• RECORDS FOR THE EXERCISE
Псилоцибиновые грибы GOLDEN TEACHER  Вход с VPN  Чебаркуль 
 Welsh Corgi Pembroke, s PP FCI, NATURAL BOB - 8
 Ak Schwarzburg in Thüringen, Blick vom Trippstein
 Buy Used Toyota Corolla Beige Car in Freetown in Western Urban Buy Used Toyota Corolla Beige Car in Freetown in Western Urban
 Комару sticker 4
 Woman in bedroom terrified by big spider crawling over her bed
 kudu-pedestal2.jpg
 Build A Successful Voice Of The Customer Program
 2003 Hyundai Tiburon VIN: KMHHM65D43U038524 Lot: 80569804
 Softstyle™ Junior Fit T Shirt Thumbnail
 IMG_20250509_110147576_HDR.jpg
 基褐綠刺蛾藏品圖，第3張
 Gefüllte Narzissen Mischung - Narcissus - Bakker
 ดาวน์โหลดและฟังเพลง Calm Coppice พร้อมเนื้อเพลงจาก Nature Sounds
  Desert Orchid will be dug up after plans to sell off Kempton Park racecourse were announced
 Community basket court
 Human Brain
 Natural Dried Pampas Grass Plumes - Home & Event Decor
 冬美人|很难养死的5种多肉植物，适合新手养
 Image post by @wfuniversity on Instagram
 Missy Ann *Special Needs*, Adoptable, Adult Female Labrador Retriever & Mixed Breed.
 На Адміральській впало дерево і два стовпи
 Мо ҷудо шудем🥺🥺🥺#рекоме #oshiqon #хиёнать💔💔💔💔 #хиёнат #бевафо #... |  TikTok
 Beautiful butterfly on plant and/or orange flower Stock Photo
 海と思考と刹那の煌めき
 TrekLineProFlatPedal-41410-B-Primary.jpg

• WHAT IS REQUIRED
May I have the entries returned exactly, with every line in place?

• OUTPUT FOR THIS TASK
Псилоцибиновые грибы GOLDEN TEACHER  Вход с VPN  Чебаркуль 
 Welsh Corgi Pembroke, s PP FCI, NATURAL BOB - 8
 Ak Schwarzburg in Thüringen, Blick vom Trippstein
 Buy Used Toyota Corolla Beige Car in Freetown in Western Urban Buy Used Toyota Corolla Beige Car in Freetown in Western Urban
 Комару sticker 4
 Woman in bedroom terrified by big spider crawling over her bed
 kudu-pedestal2.jpg
 Build A Successful Voice Of The Customer Program
 2003 Hyundai Tiburon VIN: KMHHM65D43U038524 Lot: 80569804
 Softstyle™ Junior Fit T Shirt Thumbnail
 IMG_20250509_110147576_HDR.jpg
 基褐綠刺蛾藏品圖，第3張
 Gefüllte Narzissen Mischung - Narcissus - Bakker
 ดาวน์โหลดและฟังเพลง Calm Coppice พร้อมเนื้อเพลงจาก Nature Sounds
  Desert Orchid will be dug up after plans to sell off Kempton Park racecourse were announced
 Community basket court
 Human Brain
 Natural Dried Pampas Grass Plumes - Home & Event Decor
 冬美人|很难养死的5种多肉植物，适合新手养
 Image post by @wfuniversity on Instagram
 Missy Ann *Special Needs*, Adoptable, Adult Female Labrador Retriever & Mixed Breed.
 На Адміральській впало дерево і два стовпи
 Мо ҷудо шудем🥺🥺🥺#рекоме #oshiqon #хиёнать💔💔💔💔 #хиёнат #бевафо #... |  TikTok
 Beautiful butterfly on plant and/or orange flower Stock Photo
 海と思考と刹那の煌めき
 TrekLineProFlatPedal-41410-B-Primary.jpg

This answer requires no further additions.